Study Helps Overcome the Barriers to Lithium-Metal Adoption

Author:
Ally Winning, European Editor, PSD

Date
06/22/2022

 PDF
A Stanford University study shows a way to build better, safer lithium-metal batteries.

dendrites

 

Researchers around the world are looking at different battery chemistries, trying to find a battery that can improve on the lithium-ion ones that we use today. A better battery would offer faster charging, higher capacity, a longer lifespan and be safer. Probably the new battery chemistry that offers the greatest short term potential is lithium-metal. These batteries have an anode that is made of lithium itself, whereas the anode in a Li-ion battery is made from graphite, which acts as a host for the lithium ions.
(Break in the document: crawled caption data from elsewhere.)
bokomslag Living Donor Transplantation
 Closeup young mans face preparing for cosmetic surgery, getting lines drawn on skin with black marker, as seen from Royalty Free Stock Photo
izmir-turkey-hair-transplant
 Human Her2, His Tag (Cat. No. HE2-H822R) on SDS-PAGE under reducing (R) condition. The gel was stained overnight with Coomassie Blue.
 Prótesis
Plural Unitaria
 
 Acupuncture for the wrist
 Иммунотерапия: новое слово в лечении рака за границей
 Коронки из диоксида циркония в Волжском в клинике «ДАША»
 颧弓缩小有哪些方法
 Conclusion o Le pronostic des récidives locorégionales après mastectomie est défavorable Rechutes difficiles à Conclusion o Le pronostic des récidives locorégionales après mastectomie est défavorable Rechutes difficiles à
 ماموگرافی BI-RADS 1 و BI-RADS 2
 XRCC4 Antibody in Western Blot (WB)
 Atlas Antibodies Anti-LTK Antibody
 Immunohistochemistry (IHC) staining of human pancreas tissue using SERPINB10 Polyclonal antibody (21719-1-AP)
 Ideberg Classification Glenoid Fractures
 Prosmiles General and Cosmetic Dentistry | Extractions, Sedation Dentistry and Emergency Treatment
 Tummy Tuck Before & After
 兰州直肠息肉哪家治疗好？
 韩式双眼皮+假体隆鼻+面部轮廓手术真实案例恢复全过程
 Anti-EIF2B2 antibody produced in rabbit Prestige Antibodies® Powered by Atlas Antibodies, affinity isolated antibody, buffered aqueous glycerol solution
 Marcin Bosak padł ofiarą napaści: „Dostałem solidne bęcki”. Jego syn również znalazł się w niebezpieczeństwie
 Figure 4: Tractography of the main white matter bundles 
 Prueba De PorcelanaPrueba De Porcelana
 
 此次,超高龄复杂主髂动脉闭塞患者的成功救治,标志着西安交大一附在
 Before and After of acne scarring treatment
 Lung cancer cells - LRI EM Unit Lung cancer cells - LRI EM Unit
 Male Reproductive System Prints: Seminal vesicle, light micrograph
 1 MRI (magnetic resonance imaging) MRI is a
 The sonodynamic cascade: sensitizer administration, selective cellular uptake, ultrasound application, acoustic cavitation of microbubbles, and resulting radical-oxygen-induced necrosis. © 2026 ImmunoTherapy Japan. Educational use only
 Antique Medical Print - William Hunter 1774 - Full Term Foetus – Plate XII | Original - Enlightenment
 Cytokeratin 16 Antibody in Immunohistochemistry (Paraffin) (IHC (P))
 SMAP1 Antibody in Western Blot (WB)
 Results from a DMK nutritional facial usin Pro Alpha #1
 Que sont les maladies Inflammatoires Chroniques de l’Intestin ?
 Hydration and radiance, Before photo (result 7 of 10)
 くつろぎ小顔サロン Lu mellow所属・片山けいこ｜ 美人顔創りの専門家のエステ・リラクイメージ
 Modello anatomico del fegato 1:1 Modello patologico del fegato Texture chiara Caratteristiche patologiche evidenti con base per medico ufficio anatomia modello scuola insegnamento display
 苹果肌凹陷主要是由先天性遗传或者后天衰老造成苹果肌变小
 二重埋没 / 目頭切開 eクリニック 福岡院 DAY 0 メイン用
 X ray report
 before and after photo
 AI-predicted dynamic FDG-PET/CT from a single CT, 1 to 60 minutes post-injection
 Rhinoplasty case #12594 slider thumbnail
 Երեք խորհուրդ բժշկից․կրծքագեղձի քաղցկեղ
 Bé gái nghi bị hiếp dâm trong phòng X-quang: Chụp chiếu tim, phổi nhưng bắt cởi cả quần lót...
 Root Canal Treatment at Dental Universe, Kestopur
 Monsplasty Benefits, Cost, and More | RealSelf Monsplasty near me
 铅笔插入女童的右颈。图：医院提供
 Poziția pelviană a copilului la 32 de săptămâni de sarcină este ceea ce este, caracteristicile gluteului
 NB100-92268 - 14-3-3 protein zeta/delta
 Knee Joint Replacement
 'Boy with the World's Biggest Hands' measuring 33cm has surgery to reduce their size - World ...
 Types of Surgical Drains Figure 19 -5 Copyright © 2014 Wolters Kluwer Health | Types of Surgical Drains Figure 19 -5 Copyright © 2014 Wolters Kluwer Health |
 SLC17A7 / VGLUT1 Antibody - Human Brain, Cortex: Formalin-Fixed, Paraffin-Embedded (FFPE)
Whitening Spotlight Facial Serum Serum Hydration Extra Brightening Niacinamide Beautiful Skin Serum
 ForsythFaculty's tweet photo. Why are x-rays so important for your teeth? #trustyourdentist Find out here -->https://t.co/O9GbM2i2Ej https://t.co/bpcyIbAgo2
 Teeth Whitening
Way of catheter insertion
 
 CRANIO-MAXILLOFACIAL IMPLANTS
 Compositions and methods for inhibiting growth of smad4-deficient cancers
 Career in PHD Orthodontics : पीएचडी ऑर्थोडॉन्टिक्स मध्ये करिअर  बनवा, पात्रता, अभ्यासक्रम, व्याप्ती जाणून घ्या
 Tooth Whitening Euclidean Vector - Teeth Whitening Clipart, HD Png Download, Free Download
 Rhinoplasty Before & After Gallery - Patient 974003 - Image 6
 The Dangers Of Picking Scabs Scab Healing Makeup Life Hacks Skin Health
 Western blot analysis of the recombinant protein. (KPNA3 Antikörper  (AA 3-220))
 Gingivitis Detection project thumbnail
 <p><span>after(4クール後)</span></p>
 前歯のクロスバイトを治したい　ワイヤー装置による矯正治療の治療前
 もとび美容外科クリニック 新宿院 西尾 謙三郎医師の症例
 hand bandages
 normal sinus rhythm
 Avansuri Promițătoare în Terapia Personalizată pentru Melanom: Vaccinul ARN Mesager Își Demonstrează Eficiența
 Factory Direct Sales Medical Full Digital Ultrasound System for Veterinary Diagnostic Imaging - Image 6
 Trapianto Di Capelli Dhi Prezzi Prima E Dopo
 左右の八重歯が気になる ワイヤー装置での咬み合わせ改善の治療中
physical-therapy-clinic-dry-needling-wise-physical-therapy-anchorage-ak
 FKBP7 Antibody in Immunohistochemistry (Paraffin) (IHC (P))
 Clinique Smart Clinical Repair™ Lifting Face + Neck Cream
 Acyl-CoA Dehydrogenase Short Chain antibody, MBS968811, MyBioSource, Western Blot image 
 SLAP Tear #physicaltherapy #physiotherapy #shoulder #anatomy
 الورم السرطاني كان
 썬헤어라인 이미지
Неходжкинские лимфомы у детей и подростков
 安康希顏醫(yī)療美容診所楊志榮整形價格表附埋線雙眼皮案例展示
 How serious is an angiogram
Instead of only a portion of the anode being useful, the whole of a lithium-metal anode is usable, giving a theoretical storage capacity that is half again as much as a Li-ion battery of a similar size. Lithium-metal batteries have been researched for several decades, and there’s one remaining problem that needs to be overcome before their use can be more widespread. As meal accumulates on the battery’s electrodes, thin, metallic structures called dendrites grow. The dendrites can degrade battery performance and lead to failures which, in some cases, can even ignite fires. If dendrites could be stopped from forming, then the full potential of lihium-metal batteries could be reached.

 

A new study by Stanford researchers has looked at the problem of dendrites from a theoretical perspective. A paper from the study has recently been published in the Journal of The Electrochemical Society. It describes how the researchers developed a mathematical model that brings together the physics and chemistry involved in dendrite formation. The new model offers the insight that swapping in new electrolytes – the medium through which lithium ions travel between the two electrodes inside a battery – with certain properties could slow or even stop dendrite growth.

 

The cause of dendrite formation has been difficult to find, Laboratory work is labor intensive, and results have proven hard to interpret. The researchers developed a mathematical representation of the batteries’ internal electric fields and transport of lithium ions through the electrolyte material, alongside other relevant mechanisms.

 

With the results of the study in hand, other researchers can focus on physically plausible material and architecture combinations. “Our hope is that other researchers can use this guidance from our study to design devices that have the right properties and reduce the range of trial-and-error, experimental variations they have to do in the lab,” Hamdi Tchelepi, a professor of energy resources engineering at Stanford’s School of Earth, Energy & Environmental Sciences (Stanford Earth). said.

 

The new strategies for electrolyte design indicated by the study include pursuing materials that are anisotropic, meaning they exhibit different properties in different directions - like wood, which is stronger in the direction of the grain. In the case of anisotropic electrolytes, these materials could fine tune the complex interplay between ion transport and interfacial chemistry, thwarting buildup that proceeds dendrite formation. The researchers say that some liquid crystals and gels display these desired characteristics, the researchers suggest.

 

The study also suggests the usefulness of battery separators – membranes that prevent electrodes at opposite ends of the battery from touching and short-circuiting. New kinds of separators could be designed that feature pores which cause lithium ions to pass back and forth through the electrolyte in an anisotropic manner.

 

“An enormous amount of research goes into materials design and experimental verification of complex battery systems, and in general, mathematical frameworks have been largely missing in this effort,” said co-author Daniel Tartakovsky, a professor of energy resources engineering at Stanford.

 

This work was funded by the Air Force Office of Scientific Research, Hyundai Motor Group, and by a gift from TotalEnergies.